Angela Rachidi is correct: poverty isn’t caused by low wages; it’s caused by not working. (This reality points to the single largest reason to oppose minimum-wage legislation: Even if such legislation does raise the aggregate income of the group of people you, inevitably arbitrarily, choose to classify as “poor workers” – and even if you are so blinded by group- or aggregate-think that you suppose that such an outcome justifies the minimum wage ethically – it does so only by condemning some such workers into the ranks of the unemployed and thereby condemning many of these people to a lifetime of poverty.)
Here’s the opening line of Shikha Dalmia’s latest:
Private companies had as much to do with Flint’s lead poisoning as Adam Smith had to do with the bread lines in the former Soviet Union.
(BTW, Happy Birthday, Shikha!)
Wall Street Journal columnist Kimberly Strassel observes that Hillary Clinton is an empress with no clothes.
On his Facebook page, Bob Higgs sings the praises of his favorite movie, Dr.

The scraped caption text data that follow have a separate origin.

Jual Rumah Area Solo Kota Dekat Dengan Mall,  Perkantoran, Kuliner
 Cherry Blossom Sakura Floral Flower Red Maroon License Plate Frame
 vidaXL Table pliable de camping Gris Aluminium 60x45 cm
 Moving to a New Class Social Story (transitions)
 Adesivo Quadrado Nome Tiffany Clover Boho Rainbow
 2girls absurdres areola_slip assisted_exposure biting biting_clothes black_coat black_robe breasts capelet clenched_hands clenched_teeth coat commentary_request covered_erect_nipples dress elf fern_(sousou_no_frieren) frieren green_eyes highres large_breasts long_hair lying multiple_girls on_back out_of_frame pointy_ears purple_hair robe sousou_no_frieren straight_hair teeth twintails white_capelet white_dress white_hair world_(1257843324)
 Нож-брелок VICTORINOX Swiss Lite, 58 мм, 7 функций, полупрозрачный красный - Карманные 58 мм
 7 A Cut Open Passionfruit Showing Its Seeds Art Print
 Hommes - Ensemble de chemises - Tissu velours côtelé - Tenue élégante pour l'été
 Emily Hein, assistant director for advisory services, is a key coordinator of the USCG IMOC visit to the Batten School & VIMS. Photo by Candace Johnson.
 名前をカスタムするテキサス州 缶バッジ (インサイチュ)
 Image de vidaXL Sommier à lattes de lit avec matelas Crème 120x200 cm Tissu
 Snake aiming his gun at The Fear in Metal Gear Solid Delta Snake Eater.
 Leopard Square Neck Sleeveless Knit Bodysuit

Strangelove:
Elizabeth just watched “Dr. Strangelove” while preparing our dinner. As my friends know, I hold this film in esteem above all others. Yes, it’s hilarious, but its supreme merit is that despite its seemingly over-the-top characters and story, it is actually a truer-than-true representation of politico-military elites, their thinking, and their actions in the nuclear age over a period of several decades (and perhaps still). The truth is that these people, insofar as we may judge by their words and their actions, were utterly insane, and the world was extremely fortunate to have averted an all-out nuclear war between the USSR and the USA. This good fortune was on many occasions a very close thing.
Randy Holcombe explains that politics creates conflict.